DATA PROVIDED:

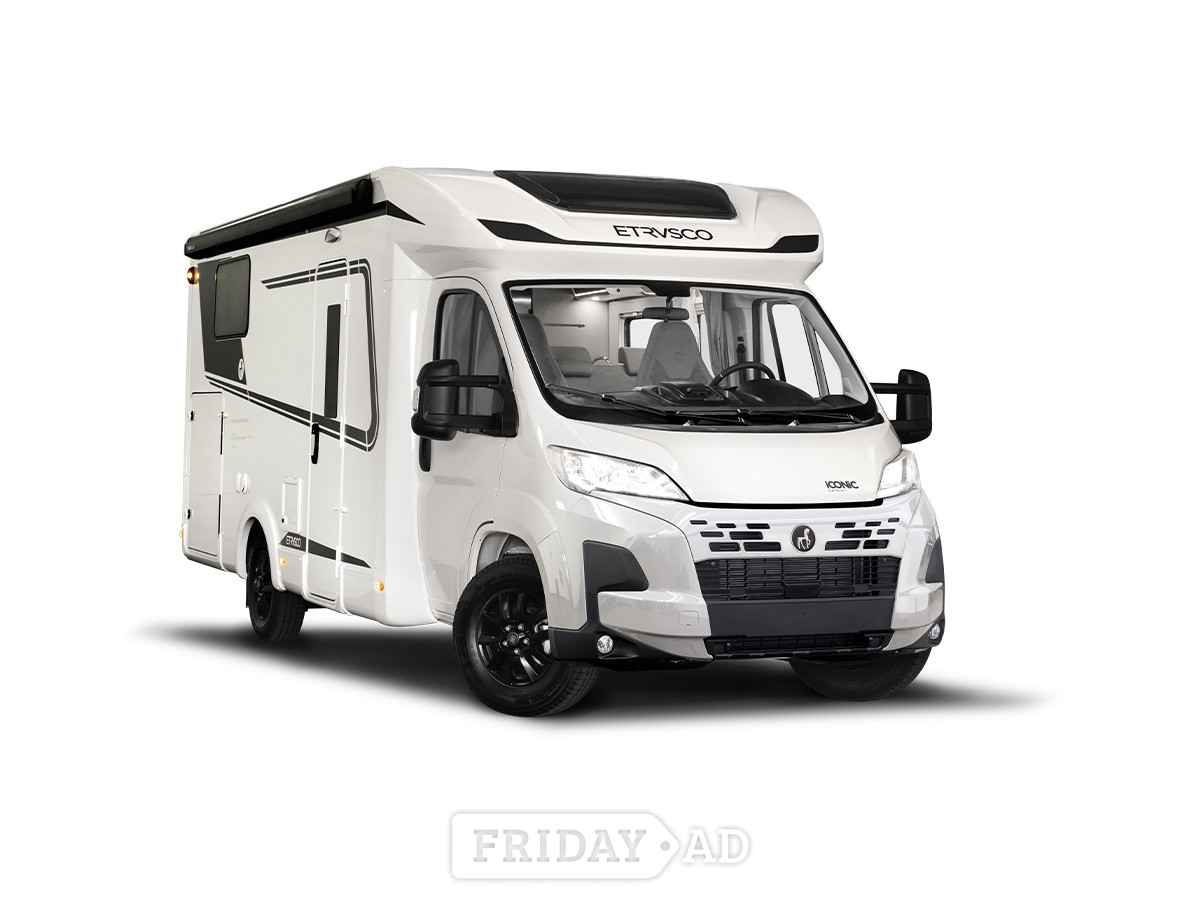 Etrusco T 5900 FB 2026 for sale in Newark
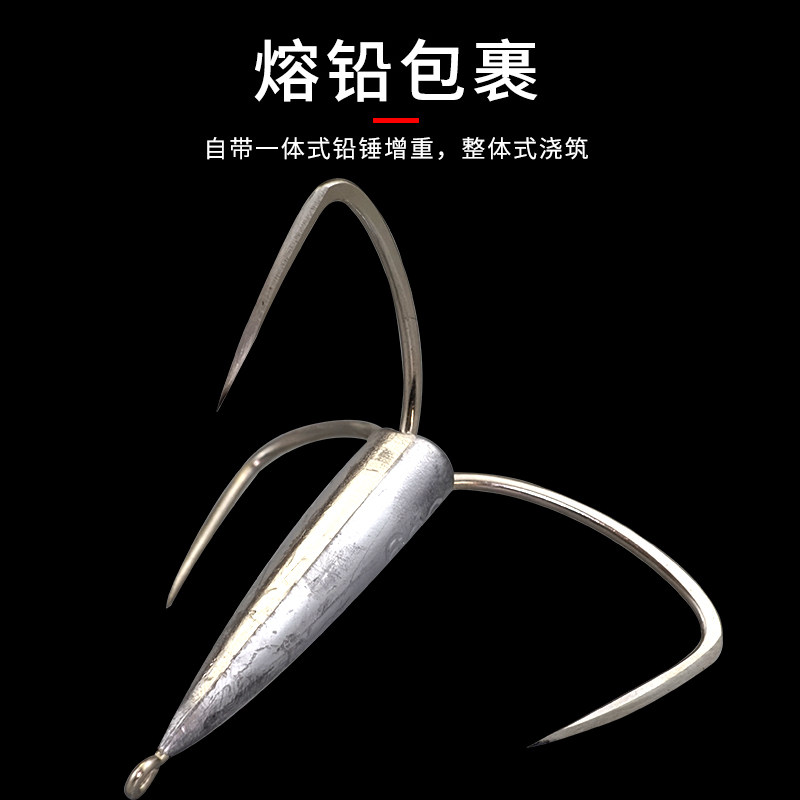 21 - blade anchor anchor large anchor grass anchor crook anchor anchor hook 3 claw anchor hook is large anti - hanging bottom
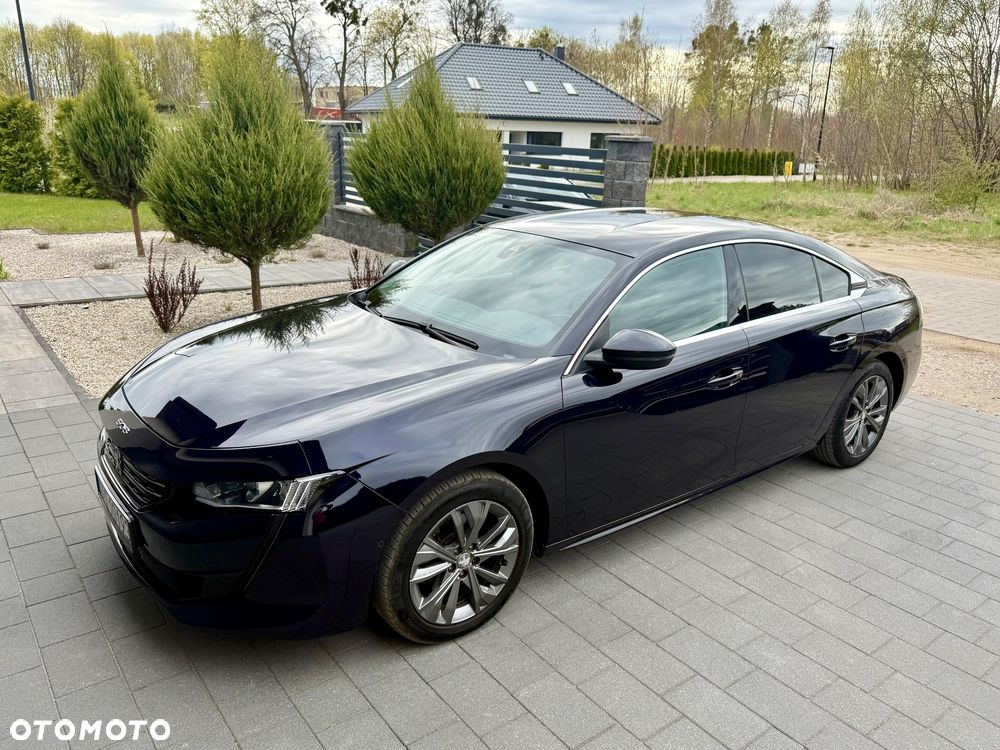 Peugeot 508 BlueHDi 130 EAT8 Allure Pack - 38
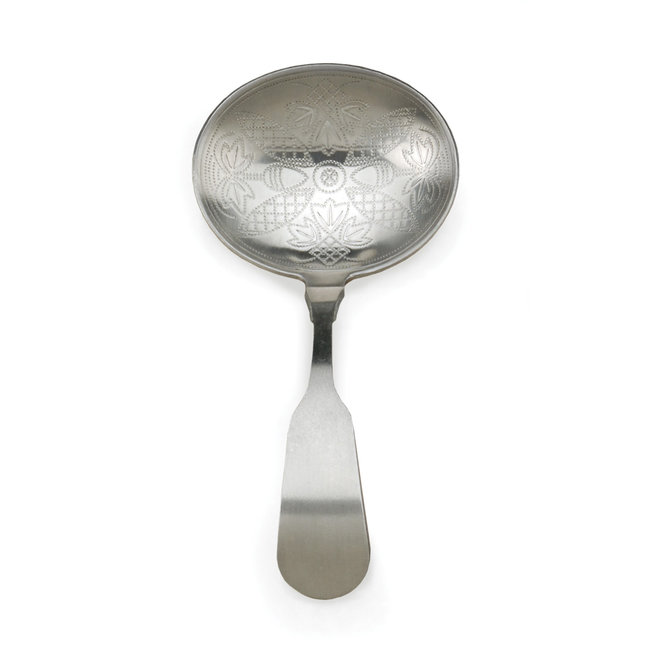 Mini Oval-Shaped Tea Scoop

TASK:
Return the data above in its exact wording, with none of the pictures.

OUTPUT FOR THIS EXERCISE:
 Etrusco T 5900 FB 2026 for sale in Newark
 21 - blade anchor anchor large anchor grass anchor crook anchor anchor hook 3 claw anchor hook is large anti - hanging bottom
 Peugeot 508 BlueHDi 130 EAT8 Allure Pack - 38
 Mini Oval-Shaped Tea Scoop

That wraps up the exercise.